Возникновение барокко чаще всего связывают с Контрреформацией. Дело в том, что после бурных событий прошлого, ожесточенных религиозных войн Европа была разорена и разрушена. Посреди объятой войнами Европы только Рим избежал религиозных бурь и потрясений. В нем оставался оплот католической церкви, хотя и потесненной в своем влиянии, но еще очень сильной, особенно после Тридентского собора, поэтому именно здесь возникает стремление утвердить торжество официальной церкви. Как считает современный французский теоретик Э. Маль, главными идеями церкви этого времени были: мученичество, видение, экстаз, смерть. Эти религиозные темы в сознании людей соединялись со смыслом и благой целью праведного существования. Они не могли существовать только на рациональной основе, к ним непременно должна была быть примешана сильная эмоция, впечатляющая верующего и оказывающая сильное воздействие на любого другого человека. В этом мощном эмоциональном заряде должно было запечатлеться не только мистическое состояние приобщения к религиозному таинству, но и торжествующее чувство победы церкви над ее реформаторами. Поэтому барокко возникает первоначально в религиозном искусстве, прежде всего в архитектуре. И романский стиль, и готика имели вполне определенные и возведенные до уровня закономерности правила создания сооружений. Линии этих построек были четкими и определенными. Барокко — это “буйство изогнутых, пересекающихся, переливающихся каменных масс, потерявших свою “каменность” и как будто получивших свойства вязкого пластичного материала” [99, вып. 2, с. 92]. Постепенно барокко перешло из архитектуры в скульптуру, живопись и другие формы духовной жизни.

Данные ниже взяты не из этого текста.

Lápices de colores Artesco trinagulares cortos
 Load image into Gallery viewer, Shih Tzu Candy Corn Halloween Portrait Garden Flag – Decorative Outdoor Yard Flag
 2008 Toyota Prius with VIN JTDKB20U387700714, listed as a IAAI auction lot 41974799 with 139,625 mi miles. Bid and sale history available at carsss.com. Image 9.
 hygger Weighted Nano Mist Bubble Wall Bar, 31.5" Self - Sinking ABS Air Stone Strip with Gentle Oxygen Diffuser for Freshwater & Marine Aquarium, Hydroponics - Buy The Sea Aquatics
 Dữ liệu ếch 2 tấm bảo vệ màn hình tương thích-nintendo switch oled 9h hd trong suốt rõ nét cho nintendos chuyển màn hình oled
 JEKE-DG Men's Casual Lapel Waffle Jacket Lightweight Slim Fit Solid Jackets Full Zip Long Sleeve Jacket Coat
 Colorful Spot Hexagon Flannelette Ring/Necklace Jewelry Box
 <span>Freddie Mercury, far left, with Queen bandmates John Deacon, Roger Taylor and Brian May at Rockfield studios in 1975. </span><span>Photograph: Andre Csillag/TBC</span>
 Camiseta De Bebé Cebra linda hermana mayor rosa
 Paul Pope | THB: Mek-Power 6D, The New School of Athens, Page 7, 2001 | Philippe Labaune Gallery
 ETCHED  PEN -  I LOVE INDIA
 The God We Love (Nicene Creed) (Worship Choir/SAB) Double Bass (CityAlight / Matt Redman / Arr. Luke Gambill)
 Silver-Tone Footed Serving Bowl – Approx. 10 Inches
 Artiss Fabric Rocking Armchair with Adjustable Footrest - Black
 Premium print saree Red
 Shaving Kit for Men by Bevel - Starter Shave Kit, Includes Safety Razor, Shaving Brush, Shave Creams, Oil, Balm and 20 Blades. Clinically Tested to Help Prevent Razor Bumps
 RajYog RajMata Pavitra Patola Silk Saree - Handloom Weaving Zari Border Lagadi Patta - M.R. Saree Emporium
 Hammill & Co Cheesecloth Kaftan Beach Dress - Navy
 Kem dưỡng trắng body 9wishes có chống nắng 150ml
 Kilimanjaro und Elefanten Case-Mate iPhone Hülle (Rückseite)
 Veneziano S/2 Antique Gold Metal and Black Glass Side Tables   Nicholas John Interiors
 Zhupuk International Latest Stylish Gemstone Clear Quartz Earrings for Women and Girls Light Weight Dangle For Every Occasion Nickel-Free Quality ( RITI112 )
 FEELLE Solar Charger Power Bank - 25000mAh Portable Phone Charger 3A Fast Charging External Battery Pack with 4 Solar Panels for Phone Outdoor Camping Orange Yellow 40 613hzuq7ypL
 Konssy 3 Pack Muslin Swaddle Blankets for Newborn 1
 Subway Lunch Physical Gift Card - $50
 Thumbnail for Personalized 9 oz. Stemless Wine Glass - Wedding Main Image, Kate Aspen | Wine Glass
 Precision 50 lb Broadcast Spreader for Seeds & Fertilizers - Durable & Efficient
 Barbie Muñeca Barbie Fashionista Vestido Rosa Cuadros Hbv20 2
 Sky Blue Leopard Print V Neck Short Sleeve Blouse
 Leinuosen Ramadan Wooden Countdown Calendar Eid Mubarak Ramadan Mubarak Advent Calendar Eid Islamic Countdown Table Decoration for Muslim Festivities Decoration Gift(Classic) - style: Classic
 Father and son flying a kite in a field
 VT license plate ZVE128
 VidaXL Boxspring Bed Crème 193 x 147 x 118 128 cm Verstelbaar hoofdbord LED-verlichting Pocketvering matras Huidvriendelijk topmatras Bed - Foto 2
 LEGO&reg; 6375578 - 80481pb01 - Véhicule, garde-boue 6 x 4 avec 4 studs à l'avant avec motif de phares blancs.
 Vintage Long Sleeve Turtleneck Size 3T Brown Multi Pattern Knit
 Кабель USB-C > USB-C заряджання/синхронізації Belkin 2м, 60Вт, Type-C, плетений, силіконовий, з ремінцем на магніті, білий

Может возникнуть вопрос: как же был связан с кризисом духа столь стремительный и динамичный (первоначально только художественный) стиль, как барокко, как оно в рамках церковного искусства смогло компенсировать духовную смуту и чувство растерянности, о которых мы только что сказали? Надо заметить, что Контрреформация не могла преодолеть религиозные расхождения — реформаторы как раз требовали высокой нравственности в религиозных чувствах. Церковь в данном случае боролась за власть — земную и духовную. Ей нужны были апологеты, выразители и просто прихожане. Она должна была царить над внутренним миром человека, уже вкусившего опасности рационализма, определять рамки греха и благочестия, а также судьбы всех категорий населения — от обывателей до королей. Привлечь в свое лоно можно было, противопоставив суровому быту протестанта яркую зрелищность католицизма. Поэтому в “искусстве барокко, даже когда оно непосредственно служило церкви, не очень-то много того, что называют благочестием, несмотря на то, что постоянно изображаются чудеса, видения, мистические экстазы. В этих экстазах слишком явно проступают чувственность, “плотскость” и даже прямая эротика” [там же, с. 97].
Один из самых известных теоретиков барокко Эммануэле Тезауро (1592—1675) называл в качестве главного принципа “барочного мышления” — “принцип быстрого разума”. Быстрый разум живет законами, отличными от законов мышления, он насыщен фантазиями, метафорами, соединяя важное и случайное, серьезное и забавное, смешное и печальное. В нем переплетаются природа и человек, божественное и созданное человеческим гением. Гении, обладающие быстрым разумом, “из несуществующего порождают существующее. Остроумие из невещественного творит бытующее, и вот лев становится человеком, орел — городом. Оно сливает женщину с обличьем рыбы и создает сирену как символ ласкательства, соединяет туловище козы со змеей и образует химеру — иероглиф, обозначающий безумие” [235, т. 2, с. 625, 626]. В такой системе мышления постепенно исчезают границы самых различных явлений, и в искусстве появляется некоторое пренебрежение целесообразностью, тем, что называется “здравый смысл”.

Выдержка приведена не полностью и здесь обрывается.